TASK PROMPT
The lines in the listing below are to be given again exactly, starting at the line holding "כוס קפה תרמית" and ending at the line holding "Трековый однофазный светодиодный". Do not include pictures.

** Opening DATA FOR PROCESSING block **

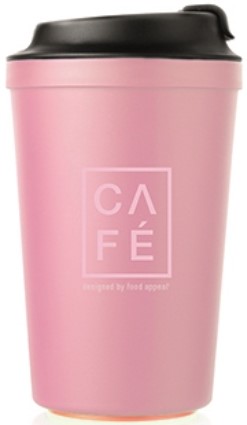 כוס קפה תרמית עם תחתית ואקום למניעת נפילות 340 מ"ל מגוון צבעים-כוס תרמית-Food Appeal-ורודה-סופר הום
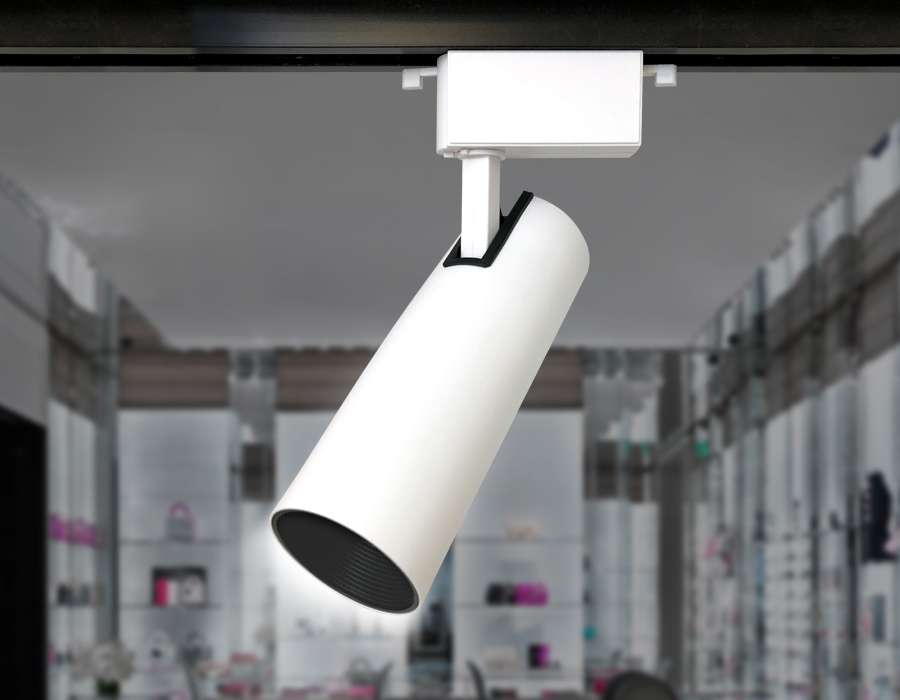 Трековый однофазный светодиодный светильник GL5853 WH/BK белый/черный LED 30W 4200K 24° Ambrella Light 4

** Closing DATA FOR PROCESSING block **
** Opening DATA FOR PROCESSING block **

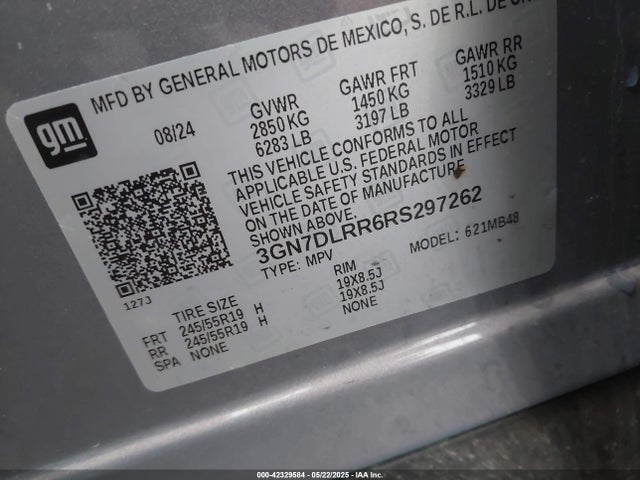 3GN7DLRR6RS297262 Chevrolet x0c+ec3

** Closing DATA FOR PROCESSING block **

EXERCISE RESULT
 כוס קפה תרמית עם תחתית ואקום למניעת נפילות 340 מ"ל מגוון צבעים-כוס תרמית-Food Appeal-ורודה-סופר הום
 Трековый однофазный светодиодный светильник GL5853 WH/BK белый/черный LED 30W 4200K 24° Ambrella Light 4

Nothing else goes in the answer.